Mardi Gras actually means “Fat Tuesday” and the name is self-explanatory: eat and be jolly for tomorrow, Ash Wednesday, the blues will set in.
The origins of Mardi Gras are based in medieval Europe, wending their way through Italy—especially Venice, where Martedi Grasso (Fat Tuesday) is also celebrated in lavish ways—to France and Spain.
It was the seventeenth-century French explorer Jean Baptiste Le Moyne Sieur de Bienville, arriving not far from New Orleans, who claimed a plot of land and named it Pointe du Mardi Gras because it was the night before the traditional French festival of Boeuf Gras or “fatted calf.” Over time, the model for Mardi Gras changed from glittering society balls to the extravagant parades that we see today. Of course, along with all this come party foods and overindulgences, and New Orleans shines in that department. Let’s just say they know how to live it up.
From jambalaya to King Cake and the classic po’ boy (a baguette-style sandwich stuffed with meat, oysters or other fried seafood), New Orleans is the place to be on Shrove Tuesday, another name for the occasion. Everywhere else, it’s just Tuesday.

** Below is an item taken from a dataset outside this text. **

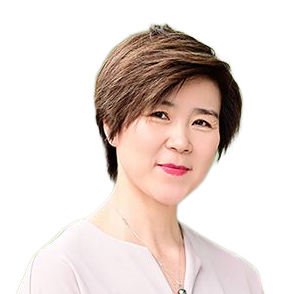 直播预告 | &ldquo;双碳&rdquo;目标两周年，公共建筑减碳路径与设计新思考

But if you can’t get to New Orleans to catch those free beads and other plastic trinkets as the floats and revelers go by, why not throw your own Mardi Gras party? Focus on some classic foods, such as the puffy beignets the city is famous for; the dough can be made ahead and refrigerated overnight. Shrimp and grits make a great main course. If you want easy, street, finger food, crab-stuffed mushrooms are just the thing as are spicy, Cajun-spiced meatballs. Make the centerpiece King Cake with its colorful, sprinkled sugars of purple, green and gold—and hope you get the slice with the tiny plastic or porcelain doll that is baked into the cake. Finding the prize will bring you good luck and traditionally means you will be throwing next year’s Mardi Gras!
Laissez les bons temps rouler—let the good times roll!